**Aim of the task:**
In the records below, reproduce exactly the lines from the one containing "Washington state quarter coin." through the one containing "Pete Sampras (L), Novak", both included, and omit the pictures.

[[ Records for processing open ]]

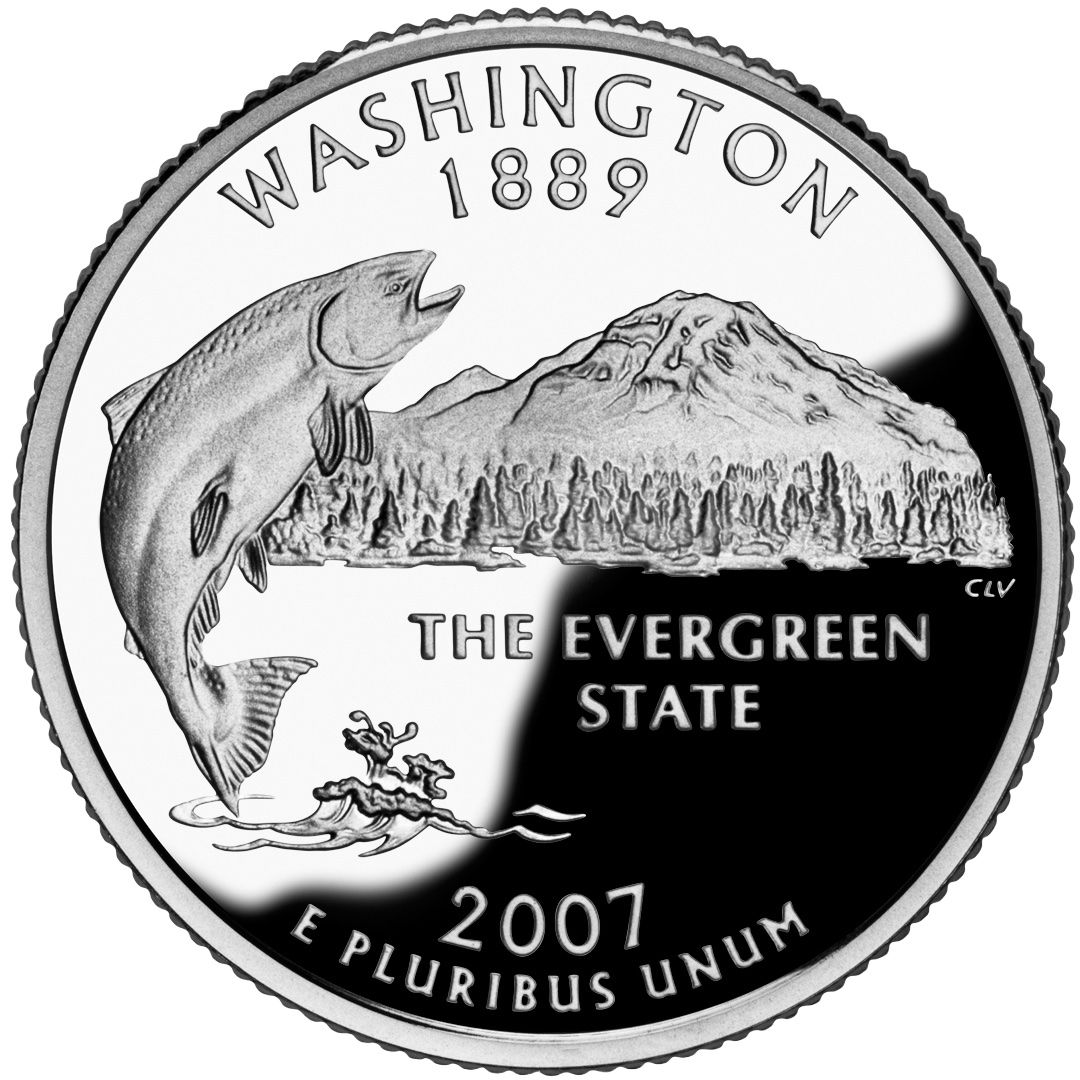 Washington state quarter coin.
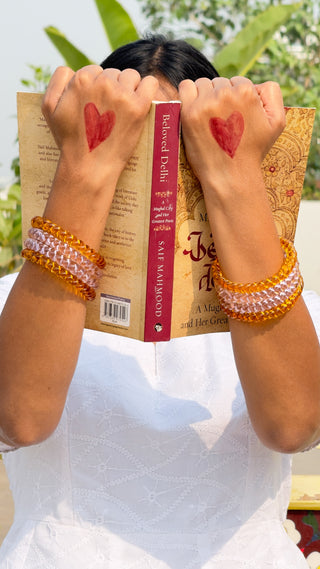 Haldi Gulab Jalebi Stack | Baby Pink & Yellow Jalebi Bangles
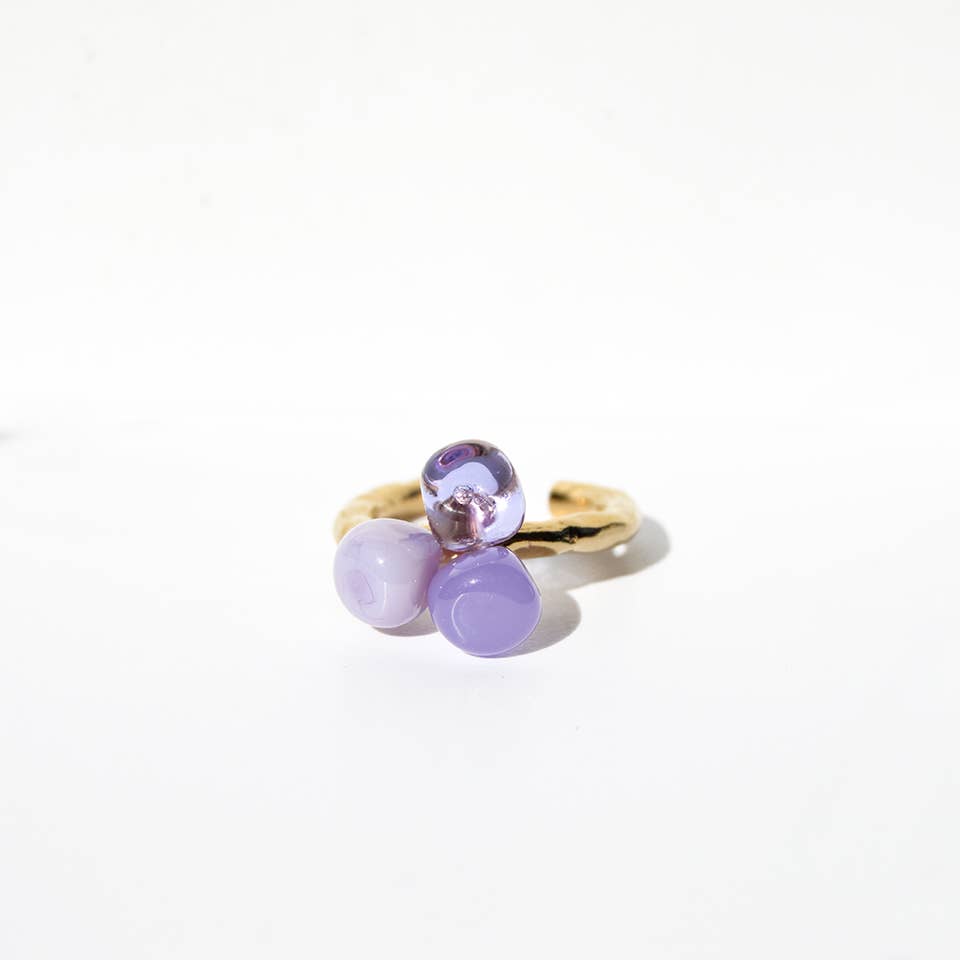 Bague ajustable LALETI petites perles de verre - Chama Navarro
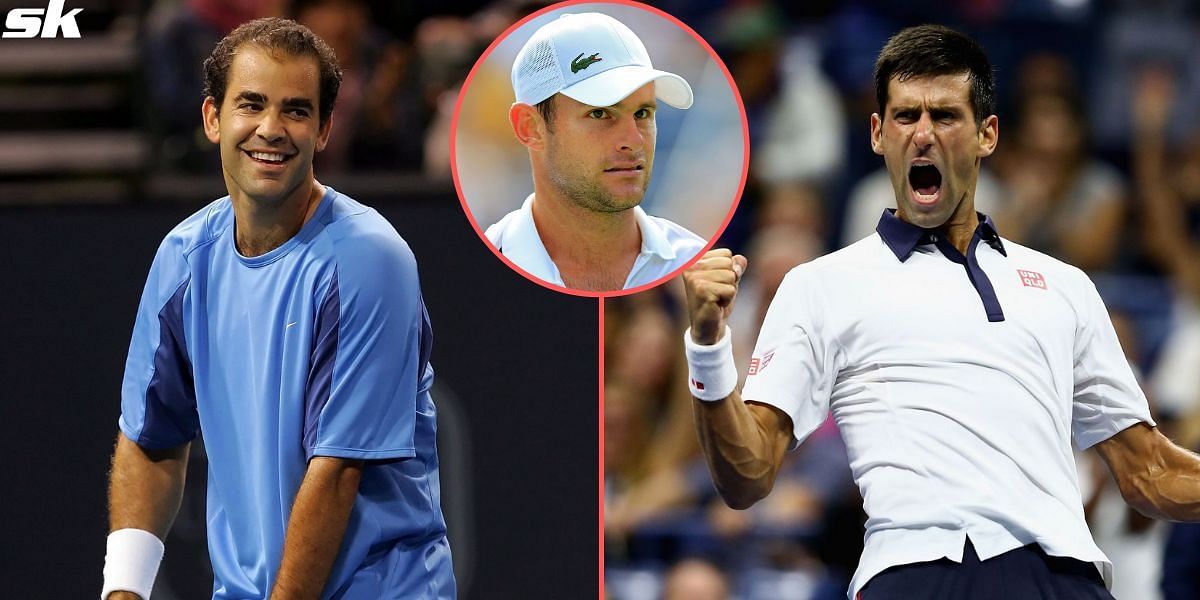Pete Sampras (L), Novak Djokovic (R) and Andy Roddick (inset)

[[ Records for processing closed ]]
[[ Records for processing open ]]

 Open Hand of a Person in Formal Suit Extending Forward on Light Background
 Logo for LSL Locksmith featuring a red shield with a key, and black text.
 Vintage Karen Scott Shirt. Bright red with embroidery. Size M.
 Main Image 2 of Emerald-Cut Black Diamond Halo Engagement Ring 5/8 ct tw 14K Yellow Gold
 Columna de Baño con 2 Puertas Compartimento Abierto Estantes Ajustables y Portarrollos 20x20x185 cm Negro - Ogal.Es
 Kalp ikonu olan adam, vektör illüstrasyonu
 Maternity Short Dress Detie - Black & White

[[ Records for processing closed ]]
[[ Records for processing open ]]

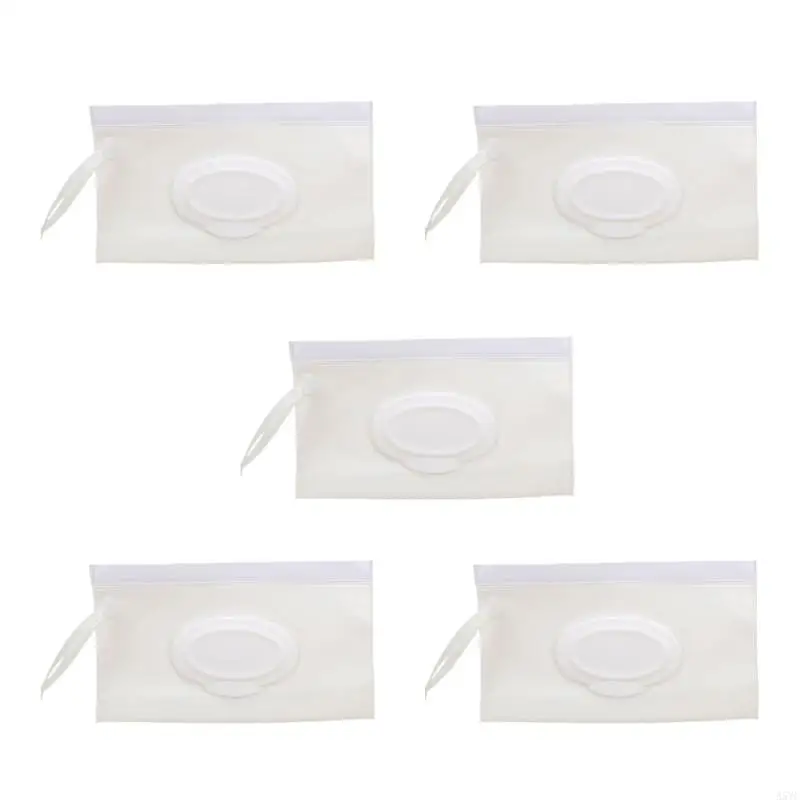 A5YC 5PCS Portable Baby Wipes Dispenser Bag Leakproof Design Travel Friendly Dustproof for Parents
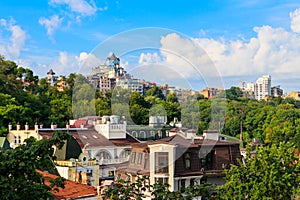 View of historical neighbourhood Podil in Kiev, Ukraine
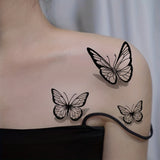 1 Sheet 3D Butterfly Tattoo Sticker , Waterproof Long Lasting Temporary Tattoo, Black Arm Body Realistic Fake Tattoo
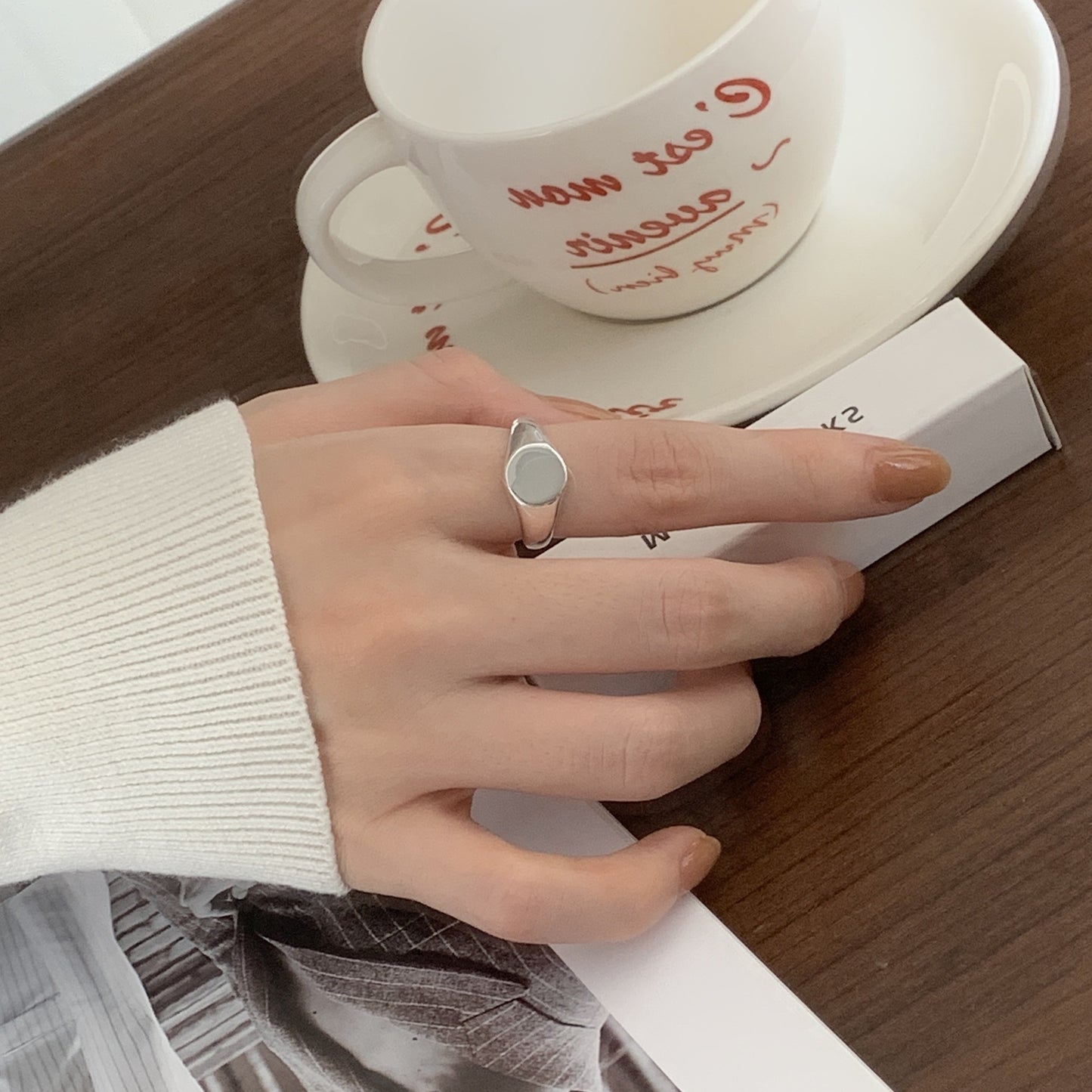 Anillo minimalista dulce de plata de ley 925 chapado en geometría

[[ Records for processing closed ]]

**Exercise response:**
 Washington state quarter coin.
 Haldi Gulab Jalebi Stack | Baby Pink & Yellow Jalebi Bangles
 Bague ajustable LALETI petites perles de verre - Chama Navarro
Pete Sampras (L), Novak Djokovic (R) and Andy Roddick (inset)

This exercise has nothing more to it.